Figure 3.1.5.11 | top | pdf |

(a) Structure of barium metal fluoride BaMF4 (M = Co, Mn, Mg, Zn, Ni) at ambient temperature (300 K). (b) Raman spectroscopy of barium manganese fluoride above and below its structural phase transition temperature, ca. 251 K. (c) Temperature dependence of lower energy phonons in (b).

Most members of the BaMF4 family (M = Mg, Zn, Mn, Co, Ni, Fe) have the same structure, which is that of orthorhombic [C_{2v}] ([2mm]) point-group symmetry. These materials are all ferroelectric (or at least pyroelectric; high conductivity of some makes switching difficult to demonstrate) at all temperatures, with an `incipient' ferroelectric Curie temperature extrapolated from various physical parameters (dielectric constant, spontaneous polarization etc.) to lie 100 K or more above the melting point (ca. 1050 K). The Mn compound is unique in having a low-temperature phase transition. The reason is that Mn+2 represents (Shannon & Prewitt, 1969[link]) an end point in ionic size (largest) for the divalent transition metal ions Mn, Zn, Mg, Fe, Ni, Co; hence, the Mn ion and the space for it in the lattice are not a good match. This size mismatch can be accommodated by the r.m.s. thermal motion above room temperature, but at lower temperatures a structural distortion must occur.

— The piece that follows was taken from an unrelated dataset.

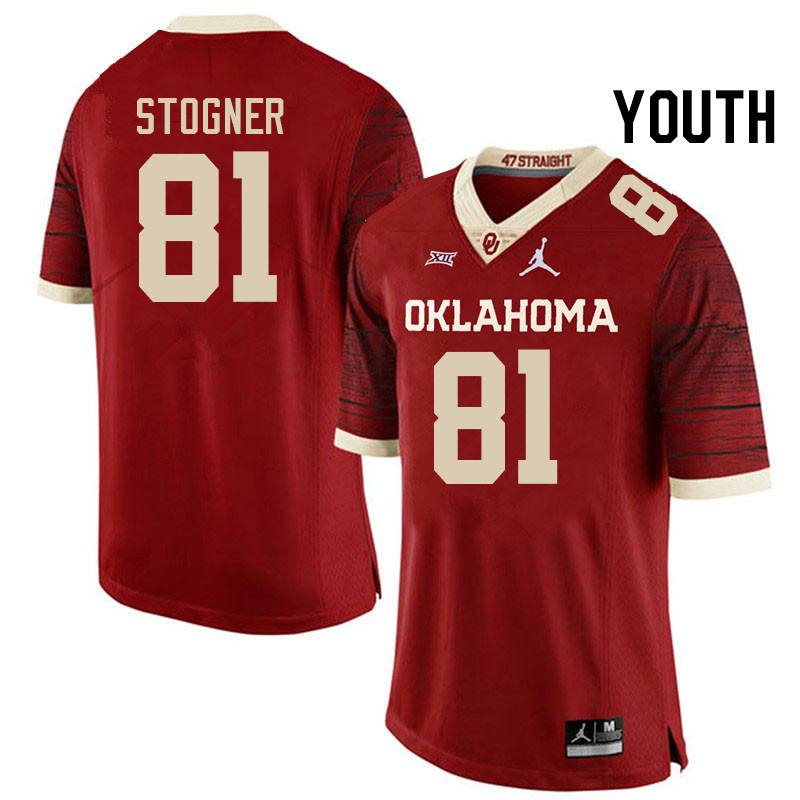 Youth #81 Austin Stogner Oklahoma Sooners College Football Jerseys Stitched-Retro - Click Image to Close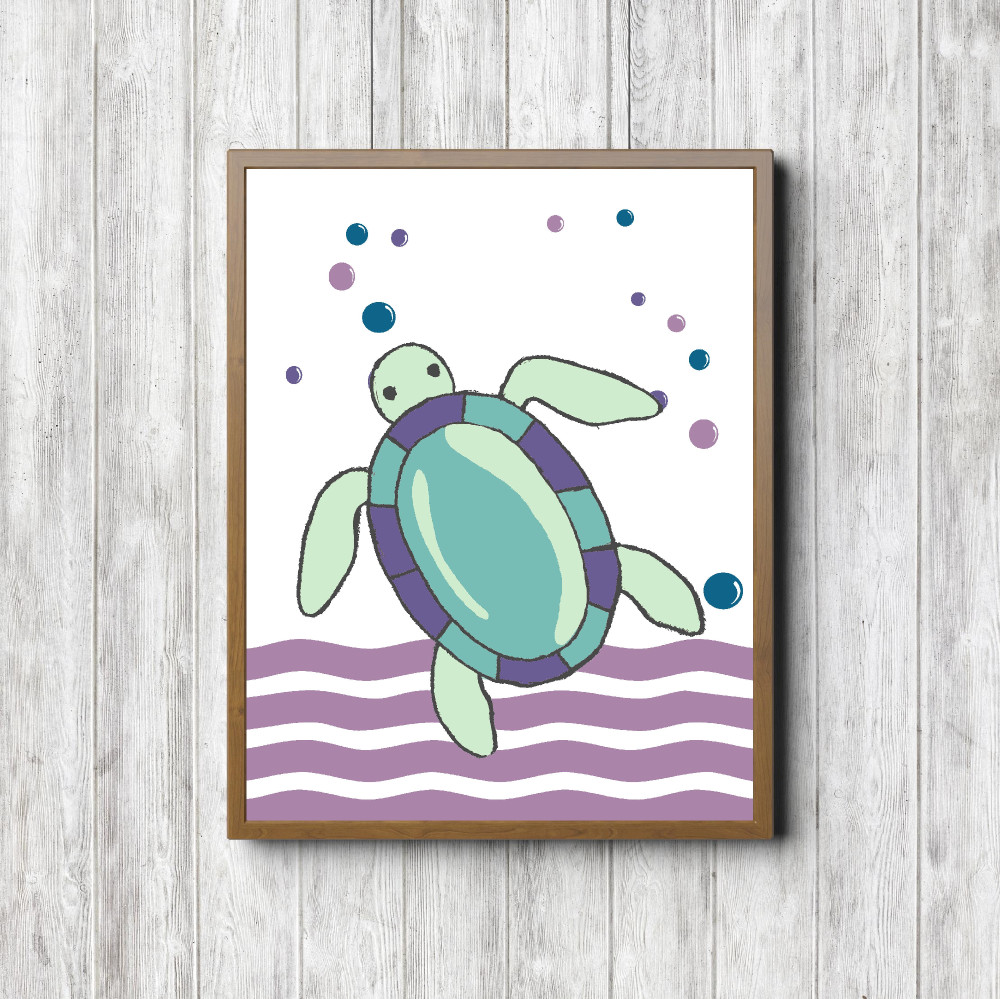 Mint & Pink Sea Turtle Printable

This phase transition was first detected (Spencer et al., 1970[link]) via ultrasonic attenuation as an anomaly near 255 K. This experimental technique is without question one of the most sensitive in discovering phase transitions, but unfortunately it gives no direct information about structure and often it signals something that is not in fact a true phase transition (in BaMnF4 Spencer et al. emphasized that they could find no other evidence that a phase transition occurred).

Raman spectroscopy was clearer (Fig. 3.1.5.11[link]b), showing unambiguously additional vibrational spectra that arise from a doubling of the primitive unit cell. This was afterwards confirmed directly by X-ray crystallography at the Clarendon Laboratory, Oxford, by Wondre (1977[link]), who observed superlattice lines indicative of cell doubling in the bc plane.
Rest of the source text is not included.